La Democracia y sus retos en el 2018

Por Roberto Ardón

Publicado 07/01/2018

Está claro que para América Latina el año 2017 fue de grandes noticias y sobresaltos en la lucha contra la corrupción. Una buena parte de los países de este hemisferio se vieron enfrentados a casos muy sonados de defraudación, colusión y exacciones ilegales que crearon profundos trastornos en su esquema político, en las redes económicas y en los sistemas de gestión pública.

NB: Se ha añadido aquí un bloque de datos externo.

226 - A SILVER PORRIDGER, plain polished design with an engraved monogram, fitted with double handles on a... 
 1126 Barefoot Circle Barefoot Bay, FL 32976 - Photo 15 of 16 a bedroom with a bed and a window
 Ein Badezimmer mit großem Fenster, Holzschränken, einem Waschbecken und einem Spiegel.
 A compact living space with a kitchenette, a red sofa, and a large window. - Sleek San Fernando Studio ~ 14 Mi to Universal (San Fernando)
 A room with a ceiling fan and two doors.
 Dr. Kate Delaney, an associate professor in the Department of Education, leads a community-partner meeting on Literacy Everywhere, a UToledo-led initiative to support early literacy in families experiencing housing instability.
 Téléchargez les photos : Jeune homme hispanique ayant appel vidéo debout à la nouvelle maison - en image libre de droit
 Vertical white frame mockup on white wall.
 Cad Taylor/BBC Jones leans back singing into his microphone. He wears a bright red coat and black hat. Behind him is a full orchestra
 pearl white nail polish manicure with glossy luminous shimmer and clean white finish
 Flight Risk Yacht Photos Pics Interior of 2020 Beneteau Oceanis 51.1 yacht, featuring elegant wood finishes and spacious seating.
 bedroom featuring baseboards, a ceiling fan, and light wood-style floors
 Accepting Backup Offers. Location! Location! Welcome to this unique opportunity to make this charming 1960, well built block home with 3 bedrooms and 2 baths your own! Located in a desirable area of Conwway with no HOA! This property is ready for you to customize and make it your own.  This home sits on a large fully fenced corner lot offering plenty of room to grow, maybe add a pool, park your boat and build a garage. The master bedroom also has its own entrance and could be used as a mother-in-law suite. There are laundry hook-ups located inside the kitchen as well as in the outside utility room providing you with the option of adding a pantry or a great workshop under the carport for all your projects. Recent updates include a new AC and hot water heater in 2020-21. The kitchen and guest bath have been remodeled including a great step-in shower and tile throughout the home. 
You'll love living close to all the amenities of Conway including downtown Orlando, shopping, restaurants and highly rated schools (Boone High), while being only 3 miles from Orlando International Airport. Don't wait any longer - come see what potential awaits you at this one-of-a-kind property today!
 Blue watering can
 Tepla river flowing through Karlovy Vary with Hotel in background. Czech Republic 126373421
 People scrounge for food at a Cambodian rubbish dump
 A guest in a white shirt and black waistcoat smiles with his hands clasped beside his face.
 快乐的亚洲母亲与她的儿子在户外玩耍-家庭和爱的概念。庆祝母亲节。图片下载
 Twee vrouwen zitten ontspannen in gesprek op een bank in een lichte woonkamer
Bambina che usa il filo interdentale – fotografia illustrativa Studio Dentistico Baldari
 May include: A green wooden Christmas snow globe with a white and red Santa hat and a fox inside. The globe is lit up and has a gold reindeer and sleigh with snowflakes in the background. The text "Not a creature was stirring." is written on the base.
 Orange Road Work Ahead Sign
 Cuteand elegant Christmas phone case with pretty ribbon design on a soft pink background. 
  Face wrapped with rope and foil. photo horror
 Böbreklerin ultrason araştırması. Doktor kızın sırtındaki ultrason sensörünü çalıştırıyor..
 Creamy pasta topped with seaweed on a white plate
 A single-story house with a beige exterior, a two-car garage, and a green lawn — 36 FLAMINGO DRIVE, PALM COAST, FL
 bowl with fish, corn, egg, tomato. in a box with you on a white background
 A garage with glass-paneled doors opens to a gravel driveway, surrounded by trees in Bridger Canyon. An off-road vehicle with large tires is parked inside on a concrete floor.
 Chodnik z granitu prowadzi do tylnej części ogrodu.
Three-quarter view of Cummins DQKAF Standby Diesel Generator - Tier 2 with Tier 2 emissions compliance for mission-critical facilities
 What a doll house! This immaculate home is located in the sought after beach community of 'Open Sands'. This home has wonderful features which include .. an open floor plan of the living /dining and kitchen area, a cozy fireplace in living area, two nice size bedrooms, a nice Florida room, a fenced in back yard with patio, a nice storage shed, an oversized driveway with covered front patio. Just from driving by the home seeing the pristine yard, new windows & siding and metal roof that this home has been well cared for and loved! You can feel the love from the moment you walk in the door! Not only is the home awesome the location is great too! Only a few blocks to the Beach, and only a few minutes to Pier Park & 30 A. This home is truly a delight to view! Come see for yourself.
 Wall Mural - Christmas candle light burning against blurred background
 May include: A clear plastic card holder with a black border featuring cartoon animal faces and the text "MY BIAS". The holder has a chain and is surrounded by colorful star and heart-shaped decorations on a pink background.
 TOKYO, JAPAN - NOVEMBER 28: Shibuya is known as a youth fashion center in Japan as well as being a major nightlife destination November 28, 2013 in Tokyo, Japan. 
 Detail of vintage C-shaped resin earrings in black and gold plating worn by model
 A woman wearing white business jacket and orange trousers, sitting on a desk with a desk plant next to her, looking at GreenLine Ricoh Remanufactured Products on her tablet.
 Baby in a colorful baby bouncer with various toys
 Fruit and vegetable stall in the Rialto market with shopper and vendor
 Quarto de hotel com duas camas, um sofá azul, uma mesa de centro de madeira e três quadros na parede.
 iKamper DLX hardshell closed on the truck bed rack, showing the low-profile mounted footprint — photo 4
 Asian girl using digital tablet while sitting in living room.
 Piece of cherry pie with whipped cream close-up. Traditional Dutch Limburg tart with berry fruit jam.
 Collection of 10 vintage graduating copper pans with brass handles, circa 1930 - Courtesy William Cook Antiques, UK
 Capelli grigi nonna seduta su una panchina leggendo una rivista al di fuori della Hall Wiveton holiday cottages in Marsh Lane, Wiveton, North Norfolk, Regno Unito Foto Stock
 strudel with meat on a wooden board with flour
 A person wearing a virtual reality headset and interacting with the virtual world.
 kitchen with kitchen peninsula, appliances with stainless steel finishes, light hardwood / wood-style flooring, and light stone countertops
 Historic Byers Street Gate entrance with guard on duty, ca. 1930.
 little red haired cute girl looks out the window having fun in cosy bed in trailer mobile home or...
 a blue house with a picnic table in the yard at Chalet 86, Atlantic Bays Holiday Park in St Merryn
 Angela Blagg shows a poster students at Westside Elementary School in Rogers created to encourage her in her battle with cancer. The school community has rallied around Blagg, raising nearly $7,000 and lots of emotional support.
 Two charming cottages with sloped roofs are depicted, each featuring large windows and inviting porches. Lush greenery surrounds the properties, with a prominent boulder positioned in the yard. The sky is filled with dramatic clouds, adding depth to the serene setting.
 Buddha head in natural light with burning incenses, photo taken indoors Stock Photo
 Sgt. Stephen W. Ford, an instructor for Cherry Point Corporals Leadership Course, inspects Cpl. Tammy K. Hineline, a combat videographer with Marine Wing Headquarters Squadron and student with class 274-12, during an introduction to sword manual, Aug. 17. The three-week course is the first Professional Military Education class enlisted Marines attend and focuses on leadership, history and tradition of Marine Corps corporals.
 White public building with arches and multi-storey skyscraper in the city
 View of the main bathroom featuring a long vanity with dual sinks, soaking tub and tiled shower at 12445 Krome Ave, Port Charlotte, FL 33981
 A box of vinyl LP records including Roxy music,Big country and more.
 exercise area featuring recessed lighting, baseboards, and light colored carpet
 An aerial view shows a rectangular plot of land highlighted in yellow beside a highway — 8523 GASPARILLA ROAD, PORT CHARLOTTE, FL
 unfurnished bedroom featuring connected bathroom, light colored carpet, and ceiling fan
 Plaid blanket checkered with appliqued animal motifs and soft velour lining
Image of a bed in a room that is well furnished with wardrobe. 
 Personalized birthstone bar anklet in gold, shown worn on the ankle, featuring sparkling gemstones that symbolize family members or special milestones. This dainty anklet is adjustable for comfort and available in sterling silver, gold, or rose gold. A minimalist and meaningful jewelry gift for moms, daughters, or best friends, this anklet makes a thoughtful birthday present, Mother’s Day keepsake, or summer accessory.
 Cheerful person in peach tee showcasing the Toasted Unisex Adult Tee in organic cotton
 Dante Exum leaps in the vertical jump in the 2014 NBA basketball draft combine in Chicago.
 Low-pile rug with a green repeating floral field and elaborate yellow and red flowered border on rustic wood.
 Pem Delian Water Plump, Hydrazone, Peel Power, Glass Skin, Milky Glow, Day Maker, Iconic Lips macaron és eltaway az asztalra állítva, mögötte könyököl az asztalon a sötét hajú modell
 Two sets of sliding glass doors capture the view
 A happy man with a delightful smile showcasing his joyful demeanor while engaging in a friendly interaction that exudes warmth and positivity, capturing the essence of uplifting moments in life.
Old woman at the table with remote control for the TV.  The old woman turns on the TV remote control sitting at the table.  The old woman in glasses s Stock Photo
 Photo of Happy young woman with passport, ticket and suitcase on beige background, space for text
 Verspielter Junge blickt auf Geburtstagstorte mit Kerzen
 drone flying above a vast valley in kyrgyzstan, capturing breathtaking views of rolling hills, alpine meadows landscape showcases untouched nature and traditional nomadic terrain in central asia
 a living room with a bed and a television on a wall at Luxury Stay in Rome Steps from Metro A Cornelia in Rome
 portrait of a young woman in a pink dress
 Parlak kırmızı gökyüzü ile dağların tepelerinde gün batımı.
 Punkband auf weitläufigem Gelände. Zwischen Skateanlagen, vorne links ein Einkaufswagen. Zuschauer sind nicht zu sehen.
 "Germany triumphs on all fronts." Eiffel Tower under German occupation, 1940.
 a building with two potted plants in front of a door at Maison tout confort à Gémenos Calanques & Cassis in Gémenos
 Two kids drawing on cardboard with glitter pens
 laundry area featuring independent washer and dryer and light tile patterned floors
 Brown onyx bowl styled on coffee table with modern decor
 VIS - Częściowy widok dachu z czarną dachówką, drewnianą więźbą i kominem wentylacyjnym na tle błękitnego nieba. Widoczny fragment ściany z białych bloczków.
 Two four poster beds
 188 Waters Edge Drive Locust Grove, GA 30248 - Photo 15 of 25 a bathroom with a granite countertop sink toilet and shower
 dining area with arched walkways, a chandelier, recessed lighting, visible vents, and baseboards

Presidentes y ministros, consorcios mercantiles, estructuras deportivas y entidades sociales fueron todos alcanzados por la mano de la justicia o el señalamiento público.

Esta confluencia de episodios en los distintos países me recordó a aquellos períodos en los que de forma similar las ideas, las alianzas, los discursos y las acciones políticas se configuraban en el continente para promover, por ejemplo, revoluciones; en otro momento para poner en marcha acciones contrainsurgentes, o finalmente para atestiguar el colapso sucesivo de las dictaduras y el advenimiento de las democracias. Esto funciona como una corriente histórica que por un curioso designio se pone de moda y produce realineaciones de las distintas fuerzas políticas y sociales en un momento y tiempo determinado. Guatemala en esto, dicho sea de paso, no fue la excepción. En este orden de ideas no veo que el año 2018 vaya a ser muy distinto al anterior en lo que a estos esfuerzos se refieren, pero sí quisiera llamar la atención sobre otros procesos políticos que corren aparejados, y que por la fuerza y drama de los eventos de la lucha contra la corrupción, han quedado relativamente invisibilizados o marginados, con el riesgo de lo que ello pueda representar para nuestras democracias.

Me refiero a la pérdida paulatina de los controles republicanos en nuestras democracias. Basta darse una vuelta por el mapa para darnos cuenta que en no pocos países, los pesos y contrapesos, la alternabilidad, los balances políticos y la rendición de cuentas van perdiendo terreno frente a una generación de políticos avorazados, casi mesiánicos, que consideran que estos mecanismos son una molestia para sus propósitos de control político e ideológico. Algunos han llegado al extremo de sustituir a los responsables de los otros poderes en forma abiertamente ilegal; en otras ocasiones han obligado a que los encargados de la interpretación de textos constitucionales digan que el rojo es azul o que las normas constitucionales son inconstitucionales; unos terceros asaltan los poderes electorales para modificar normas del voto, tiempos de elección, periodos de gestión gubernamental, etcétera. Hasta donde recuerdo todas estas maniobras han sido exitosas debido en parte a oposiciones desestructuradas, a un manejo ideológicamente sobrecargado, a unas instituciones multilaterales débiles o en el peor de los casos a la concurrencia sino complicidad de las élites sociales, académicas o económicas.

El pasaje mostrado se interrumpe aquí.